The term "sadism" is singularly appropriate here, given that the Marquis de Sade, from whose name that term derives, gave voice to ideas very similar to those dramatized in the No Pressure film. 


Decades ago, while researching an article on the "culture war," I made the mistake of trying to read Sade's Juliette, in which the author laid out what passed for his philosophy. Sade's opus reads like what might result were Larry Flynt to dictate a novel under the influence of Tourette's syndrome. I quickly discovered that the book -- as Dorothy Parker might put it -- was not one to be set aside lightly, but to be thrown away with great force. I was able to endure just a few chapters before a hurling both the book and my gorge. 


Sade is widely recognized as a libertine, and regarded by some misinformed people as an individualist.

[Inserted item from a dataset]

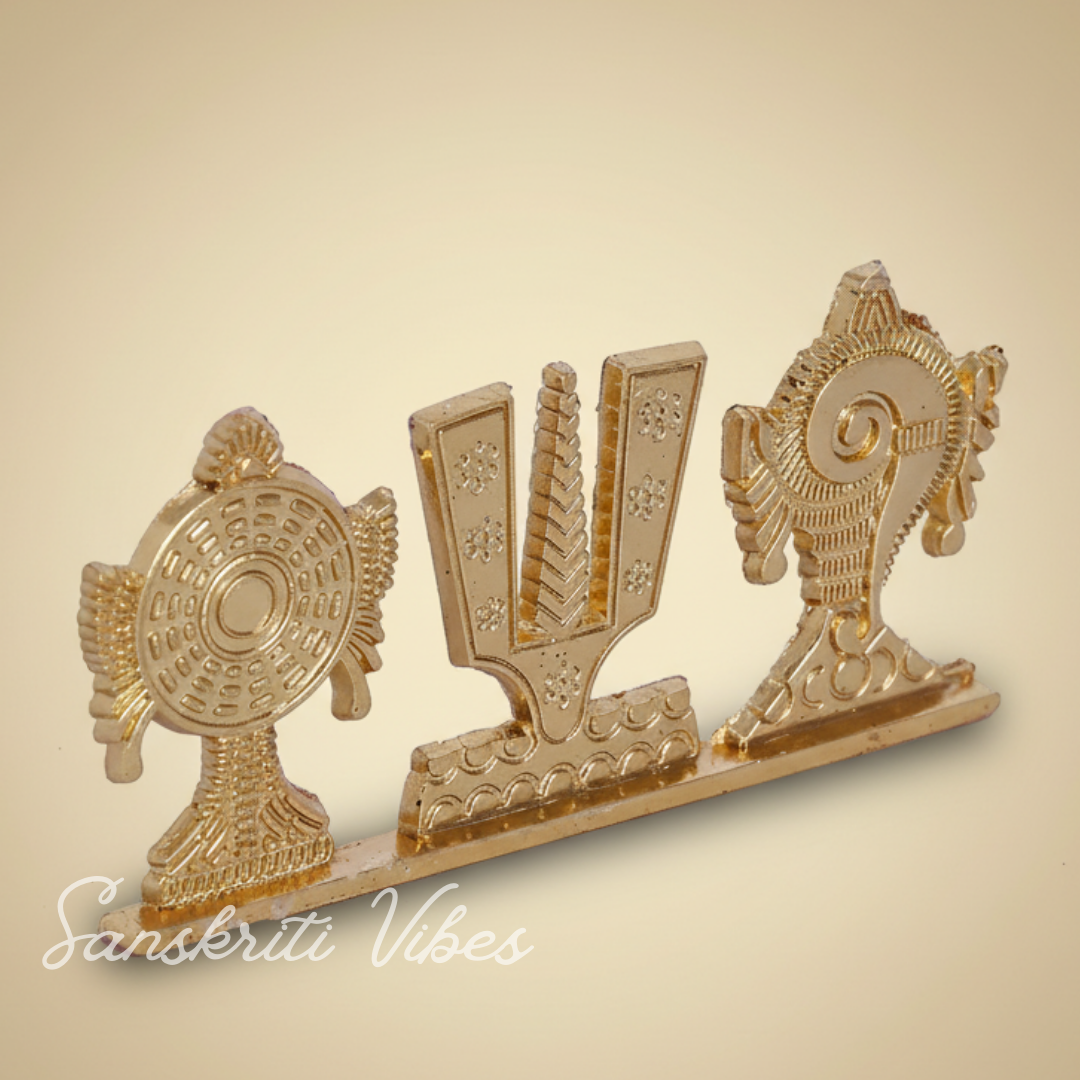 Tirupati Balaji Shankh Chakra Namah Symbol Stand | Gold-Plated Antique Decorative Idol for Car Dashboard & Home Temple - Retail Maharaj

He was certainly devoted to the unqualified service of emancipated appetites, but he had nothing but disdain for the non-aggression principle: "Were I to discover that my only possibility of happiness lay in excessive perpetration of the most atrocious crimes, without qualm I'd enact every last one of them this very instant, certain ... that the foremost of the laws Nature decrees to me is to enjoy myself, no matter at whose expense." (Emphasis in the original.)

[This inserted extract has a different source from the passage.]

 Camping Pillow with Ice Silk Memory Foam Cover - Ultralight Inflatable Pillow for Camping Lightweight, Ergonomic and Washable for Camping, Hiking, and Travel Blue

By way of social prescription, Sade recommended that children (those who survived abortion and infanticide, both of which he believed should be commonplace) should be treated as property of the State. 

"[Let us] create public schools where, as soon as they are weaned, the young may be reared; installed therein as ward of the State, the child can forget even his mother's name,"opined Sade through one of his literary creations. This element of Sade's manifesto resonates with the opening scene from the No Pressure film, in which a schoolteacher enlists children as eco-socialist missionaries with a commission to convert their parents. 


Significantly, Sade was on the same page with modern "Deep Ecologists" like David Graber and the 10:10 collective, who believe that human beings are alienated from the environment. "Nature stands in not the slightest need of [human] propagation," he wrote, "and the total disappearance of mankind ... would grieve her very little." 



This is the same deified "Nature," recall, that according to Sade, had ordained self-gratification of the elite as its highest law. So why couldn't Nature's priestly class get its jollies by liquidating everybody who disagrees with them? If there is a problem with this suggestion, Sade couldn't identify it: "If from immolating three million human victims you stand to gain no livelier pleasure than that to be had from eating a good dinner, you ought to treat yourself to it without an instant's hesitation."


Sade would see the humor in 10:10's No Pressure film, which isn't so much an exercise in persuading the unconvinced as an expression by the bien-pensants of their self-satisfied, bottomless contempt for those of us who don't share their theology. 

After the audience at the Hugh Hefner Roast turned against Gilbert Gottfried for his 9/11-themed joke, the adenoidal comedian did exactly as Sade would prescribe: He doubled down on the depravity, winning back the audience by telling the filthiest joke imaginable. This isn't surprising, given the crowd to which he was playing. 

I wouldn't be surprised to see Sade's disciples a the 10:10 Campaign take a similar approach. Given that their opening bid was to use mass murder as a punchline, I find myself wondering what they will do for an encore. 

(Note: This version has been corrected with valuable input from sharp-eyed readers; thanks!)